Assegno unico per i figli, non bastano 20 miliardi per partire a luglio

di Marco Mobili

L’assegno unico e universale per i figli è legge. Con un voto quasi all’unanimità con 227 favorevoli, nessun contrario e solo 4 astenuti, l’Aula di Palazzo Madama ha approvato definitivamente la legge delega che rivoluziona le regole per il sostegno alla famiglia. «Un primo pezzo del Family Act», ha detto la ministra per le Pari Opportunità Elena Bonetti (Iv), spiegando che «si tratta di un importante intervento economico a sostegno della crescita di tutti i figli». Una riforma accolta con grande soddisfazione anche dalla sottosegretaria all’Economia Maria Cecilia Guerra (Leu): «Una rivoluzione di cui si discute da decenni e che ora potrà garantire un sostegno universale alla responsabilità familiare e un aiuto concreto a una platea più ampia di cittadini a partire dai dieci milioni di incapienti fino ai lavoratori autonomi fino ad oggi esclusi dall’assegno al nucleo familiare».

Ora sta al Governo correre per attuare la delega nei prossimi tre mesi e garantire dal prossimo 1° luglio un assegno unico e universale da 250 euro a figlio, almeno secondo quanto promesso dallo stesso presidente del Consiglio, Mario Draghi, la scorsa settimana. Ma proprio sull’importo del nuovo assegno unico si giocherà gran parte dell’attuazione della delega. Garantire universalmente 250 euro ad ogni figlio fino a 21 anni potrebbe voler dire di non tutelare maggiormente le fasce più deboli e non aver per questo utilizzato parametri più selettivi nell’erogazione dell’aiuto alle famiglie.

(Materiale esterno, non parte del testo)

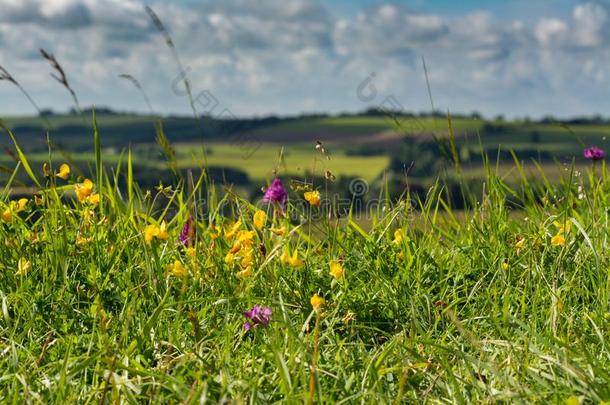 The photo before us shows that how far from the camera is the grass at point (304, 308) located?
2.72 m

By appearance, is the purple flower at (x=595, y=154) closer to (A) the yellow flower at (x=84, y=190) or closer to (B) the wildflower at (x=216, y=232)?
(B) the wildflower at (x=216, y=232)

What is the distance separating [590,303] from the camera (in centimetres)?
364

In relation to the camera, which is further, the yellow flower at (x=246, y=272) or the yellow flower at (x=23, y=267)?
the yellow flower at (x=23, y=267)

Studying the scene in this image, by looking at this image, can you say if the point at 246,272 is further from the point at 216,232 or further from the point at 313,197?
the point at 216,232

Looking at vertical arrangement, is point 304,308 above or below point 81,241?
below

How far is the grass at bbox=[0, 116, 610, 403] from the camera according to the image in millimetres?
2719

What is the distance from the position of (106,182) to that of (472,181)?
2416mm

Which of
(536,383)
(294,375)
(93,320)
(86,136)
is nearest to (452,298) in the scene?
(536,383)

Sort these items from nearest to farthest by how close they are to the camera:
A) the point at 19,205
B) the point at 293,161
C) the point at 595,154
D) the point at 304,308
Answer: the point at 304,308
the point at 19,205
the point at 595,154
the point at 293,161

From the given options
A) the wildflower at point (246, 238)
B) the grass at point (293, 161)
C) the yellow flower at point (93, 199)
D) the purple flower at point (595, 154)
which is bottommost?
the grass at point (293, 161)

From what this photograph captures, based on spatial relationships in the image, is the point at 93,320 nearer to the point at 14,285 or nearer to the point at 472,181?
the point at 14,285

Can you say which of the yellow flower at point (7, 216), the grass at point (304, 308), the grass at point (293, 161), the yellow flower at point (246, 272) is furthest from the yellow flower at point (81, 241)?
the grass at point (293, 161)

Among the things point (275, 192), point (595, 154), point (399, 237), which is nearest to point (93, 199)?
point (275, 192)

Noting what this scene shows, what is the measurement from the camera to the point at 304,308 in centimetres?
344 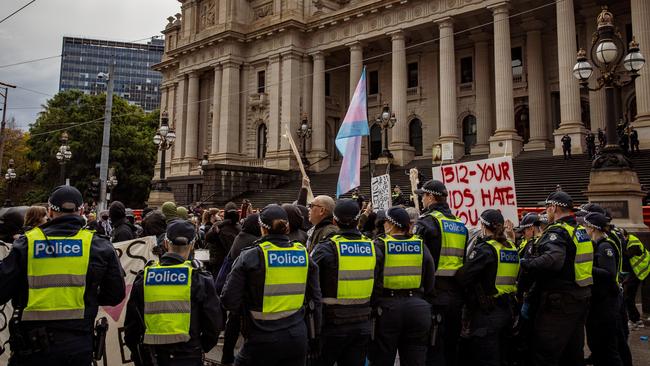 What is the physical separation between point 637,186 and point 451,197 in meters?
6.07

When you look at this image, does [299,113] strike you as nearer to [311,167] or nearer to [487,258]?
[311,167]

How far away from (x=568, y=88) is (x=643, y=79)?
331 cm

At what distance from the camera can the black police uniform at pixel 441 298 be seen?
221 inches

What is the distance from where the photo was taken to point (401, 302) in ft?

Oggi a disposizione ci sono circa 20 miliardi di euro di cui circa due terzi recuperati dalle modifiche o dalle abolizioni dei diversi istituti previsti dal nostro ordinamento a sostegno della famiglia e della natalità e che vanno dall’assegno al nucleo familiare alle detrazioni per figli a carico, dai bonus asili nido all’assegno a sostegno della natalità o ancora dall’estensione del congedo di paternità alle detrazioni Irpef per il quarto figlio. Ci sono poi 3 miliardi stanziati nel Fondo per la famiglia dall’ultima legge di bilancio per il secondo semestre 2021 e che raddoppiano a regime dal 2022. Ma ancora insufficienti per garantire la soglia dei 250 euro. La scommessa è allora quella di «investire sulla natalità», ha detto Andrea Marcucci, l’ex presidente del gruppo Dem al Senato. E per farlo «le risorse dovranno essere trovate con i decreti attuativi,per i quali ci vuole l’impegno di tutti» ha aggiunto Marcucci.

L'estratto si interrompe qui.